Wideo opublikowane przez Qualcomm pokazuje prototypowy smartfon z układem Snapdragon 865. Działa on z czujnikiem Sony IMX586 i, jak wskazuje film, taki zestaw jest zdolny do rejestrowanie wideo w 8K. To oznacza, że procesor ma naprawdę dużo pracy. Każda klatka materiału o rozdzielczości 8K generuje 33 megapiksele, a to dużo danych do przetworzenia.
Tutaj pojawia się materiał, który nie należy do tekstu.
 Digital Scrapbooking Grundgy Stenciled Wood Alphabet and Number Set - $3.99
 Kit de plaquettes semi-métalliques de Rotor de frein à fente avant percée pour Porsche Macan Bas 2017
Oprócz czujnika i mikroukładu, aby móc obsłużyć tak dużą przepustowość, konieczna jest też pamięć masowa zdolna zapisywać dane z taką (a właściwie nawet większą) szybkością. Dlatego należy spodziewać się, że wiele tegorocznych flagowców będzie wyposażonych w pamięć na dane wykonaną w technologii UFS 3.0. Gorzej, jeśli ktoś z grona producentów będzie chciał oszczędzić właśnie kosztem pamięci masowej – na ten element klienci patrzą znacznie rzadziej, a tym samym łatwiej tam „ukryć” oszczędności.
Można spodziewać się, że smartfony wiodących producentów, korzystające właśnie ze Snapdragona 865 i zdolne do nagrywania w 8K zobaczymy już niedługo, na targach MWC 2020 w Barcelonie.